The Württembergers lost 35 killed, 228 wounded, and 40 missing, for a total of 303. Saxon casualties numbered 88, with seven killed, 74 wounded, and seven captured. The Austrians counted 49 killed, 263 wounded, 455 captured, and 124 missing, for a total of 891. They also lost six guns and two ammunition wagons. Another authority lists Austrian losses as 883 and four guns. After his defeat, Kollowrat fell back first to Gallneukirchen to the northeast of Linz. Later his corps marched north to Freistadt. Archduke Charles failed to call the III Armeekorps to return to the main army north of Vienna and it missed the Battle of Aspern-Essling on 21 and 22 May.

Around 26 May, Archduke Charles recalled the III Armeekorps to join the main army opposite Vienna. Following his instructions, Kollowrat left Sommariva's division at Freistadt to observe Linz while bringing his other two divisions to link up with Charles. To insure the safety of his communications, Napoleon ordered the fortifications at the Linz bridgehead to be improved. Leaving Vandamme's Württembergers behind, Bernadotte hurried to join Napoleon with his Saxons. In addition to Sommariva's force, Feldmarschall-Leutnant Emmanuel von Schustekh-Herve with 9,000 men and 13 guns had been hovering near Krems an der Donau since 10 May.

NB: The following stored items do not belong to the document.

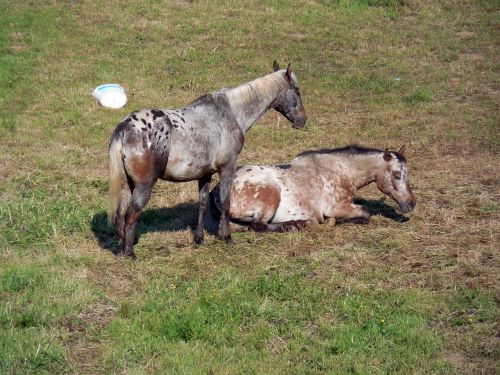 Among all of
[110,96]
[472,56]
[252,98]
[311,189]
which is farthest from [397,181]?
[472,56]

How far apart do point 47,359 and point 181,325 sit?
1246mm

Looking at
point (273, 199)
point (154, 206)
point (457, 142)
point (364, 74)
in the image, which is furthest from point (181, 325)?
point (364, 74)

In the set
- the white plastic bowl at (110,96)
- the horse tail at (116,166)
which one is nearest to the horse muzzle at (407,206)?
the horse tail at (116,166)

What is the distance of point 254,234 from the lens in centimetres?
1012

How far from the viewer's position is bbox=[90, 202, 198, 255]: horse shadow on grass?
386 inches

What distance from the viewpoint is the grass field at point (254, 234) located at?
7.14 m

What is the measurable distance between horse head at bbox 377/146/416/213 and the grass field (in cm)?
22

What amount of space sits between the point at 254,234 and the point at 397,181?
6.98 ft

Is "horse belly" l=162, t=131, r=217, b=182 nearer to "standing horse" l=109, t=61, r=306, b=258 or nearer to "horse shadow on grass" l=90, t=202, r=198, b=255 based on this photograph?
"standing horse" l=109, t=61, r=306, b=258

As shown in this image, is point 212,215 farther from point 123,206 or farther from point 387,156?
point 387,156

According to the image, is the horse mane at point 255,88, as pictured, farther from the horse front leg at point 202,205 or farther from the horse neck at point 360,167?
the horse neck at point 360,167

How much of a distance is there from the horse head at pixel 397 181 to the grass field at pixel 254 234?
22cm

At Villach on 17 May, Archduke John received orders to move against Napoleon's communications from the south. These instructions proved impossible to execute because Marshal François Joseph Lefebvre defeated Feldmarschall-Leutnant Johann Gabriel Chasteler de Courcelles on 13 May at the Battle of Wörgl. Instead, John recalled Chasteler and Feldmarschall-Leutnant Franz Jellacic from the Tyrol in the hope of adding their forces to his weakened army. As it happened, Jellacic's division was crushed at the Battle of Sankt Michael on 25 May and only remnants joined John. Chasteler escaped but never caught up with John's army in its operations against Eugène de Beauharnais' French Army of Italy.